UNRWA, formally known as the UN Relief and Works Agency, was established after the Israeli War of Independence to provide services to Palestinians displaced by the 1948 war. Over more than seven decades, rather than resettling refugees to give Palestinians a future, UNRWA trapped generation after generation in refugee status. But not only that. Through its network of schools and other family services, UNRWA indoctrinated millions of children to grow up with a dream of destroying the state of Israel and displacing its Jewish population.
The massacres of October 7, 2023 were a predictable byproduct of an education system imbued with Jew hatred, incitement, and the glorification of terror. In the war that has ensued since, Israeli military operations in Gaza have yielded mountains of evidence proving just how deeply entwined UNRWA was with Hamas.
But as experts will attest, the agency’s profound flaws are not unique to Gaza. URNWA operates in the West Bank, Syria, Jordan, and Lebanon, too. And while the United States halted aid to UNRWA after October 7, the terror-supporting agency continues to enjoy contributions from around the world that exceed $1 billion a year. The Trump administration now has an opportunity to shut that all down.

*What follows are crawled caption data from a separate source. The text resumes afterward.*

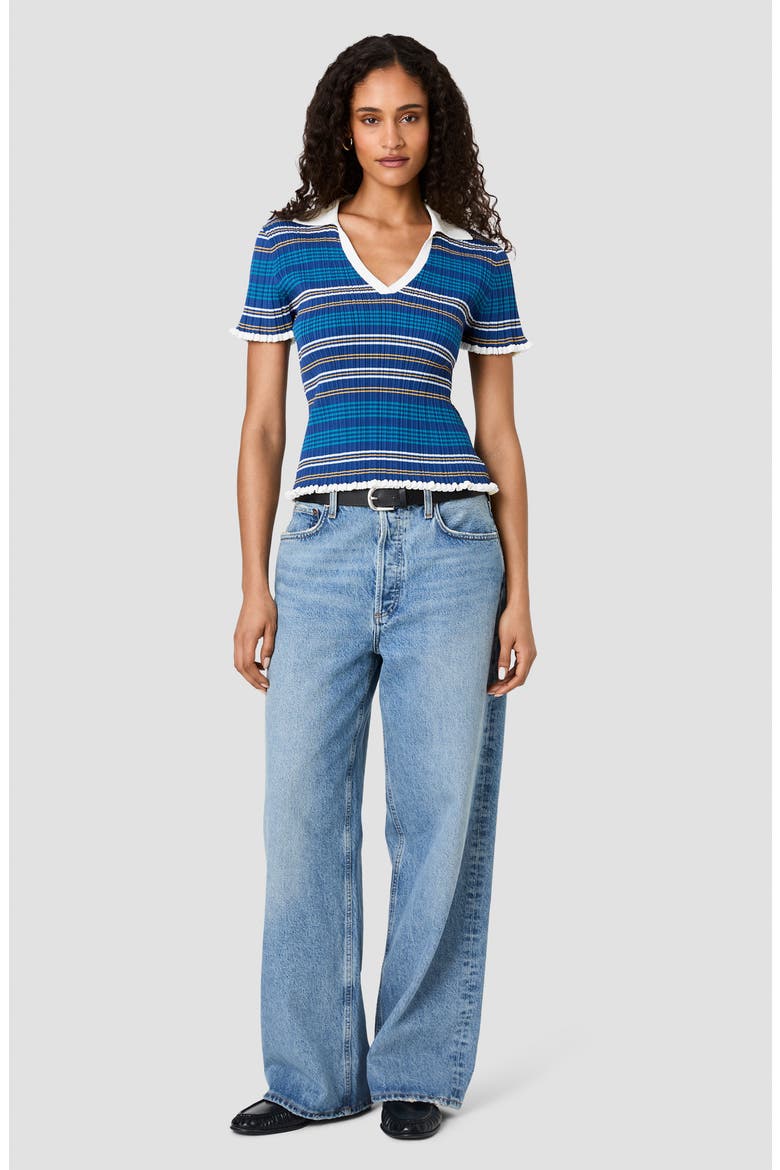 Striped Crinkle Rib Polo, Alternate, color, MIXED STRIPE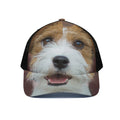 Jack Russell Terrier Portrait Print Black Mesh Trucker Hat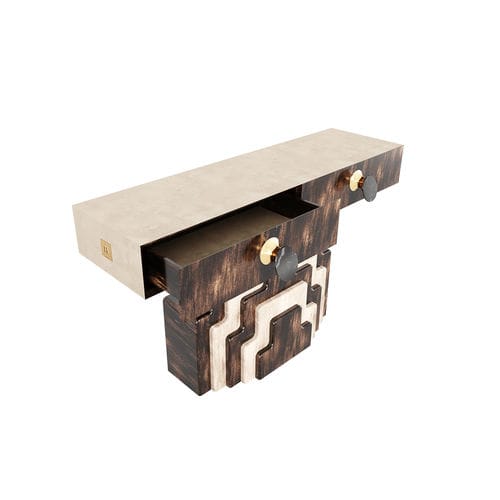 Console en marbre - ANNALI - Hommés Studio - Art Déco / en bois laqué / en cuir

In an April 24 filing connected to a lawsuit brought against UNRWA by terror victims, the Justice Department asserted that UNRWA does not qualify for the immunities afforded to the United Nations under international agreements and federal statutes. The lawsuit is currently before a federal judge in the Southern District of New York.
According to the DOJ filing in the case, UNRWA is “a mere ‘affiliate or instrumentality’ of the UN,” not an organ of the UN itself, and has never been granted immunity by any American president under the International Organizations Immunities Act.
This is a reversal from the Biden administration’s 2024 position that UNRWA was immune to prosecutions and lawsuits in the United States. The Biden administration took this position even as incontrovertible evidence mounted that UNRWA employees were directly involved in the kidnapping of Israelis, that UNRWA employees themselves held Israelis captive in Gaza, and that UNRWA facilities were used for storing weapons, harboring hostages, and other military purposes.
DOJ’s April 24 filing challenges UNRWA’s assertion that it is immune from the lawsuit. That complaint was filed by over 100 victims of the October 7 attacks, alleging that UNRWA bears legal responsibility for those attacks. And while that complaint was a civil suit, the DOJ filing indicates that UNRWA could be held to account in other ways — including U.S. sanctions.
Ample evidence exists to substantiate UNRWA's longstanding partnership with Hamas. A strong case could be built rather quickly by the Treasury Department to impose terrorism sanctions on UNRWA.
Treasury sanctions could be a death knell for UNRWA. No country that wishes to do business with the United States would be willing to financially support the agency. No bank would be willing to processes a transaction on UNRWA's behalf for fear of being subject to U.S. sanctions.
An end to UNRWA would by no means cutting aid to over a million Gazans. For many months now, amidst Israel’s war against Hamas, UNRWA has only supplied a fraction of the aid that goes into Gaza. Jerusalem has worked with a multitude of foreign governments and other aid agencies to prevent a humanitarian crisis in Gaza. Whereas UNRWA once ran a monopoly on a host of services provided in Gaza, dozens of UN organizations and NGOs now provide those services.
When the war is over and the massive task of rebuilding Gaza gets underway, some of these organizations — those that do not partner with Hamas in any way — should remain in Gaza to continue providing support for needy Gazans.
The United Nations should have shut down UNRWA’s mandate long ago. However, that would only happen through a General Assembly vote, which is highly unlikely due to the UN’s anti-Israeli, anti-Western, and anti-democratic bias. But the DOJ may have just forged an alternative path.
Jonathan Schanzer is executive director of the Foundation for Defense of Democracies where Enia Krivine is the senior director of the Israel Program and the National Security Network.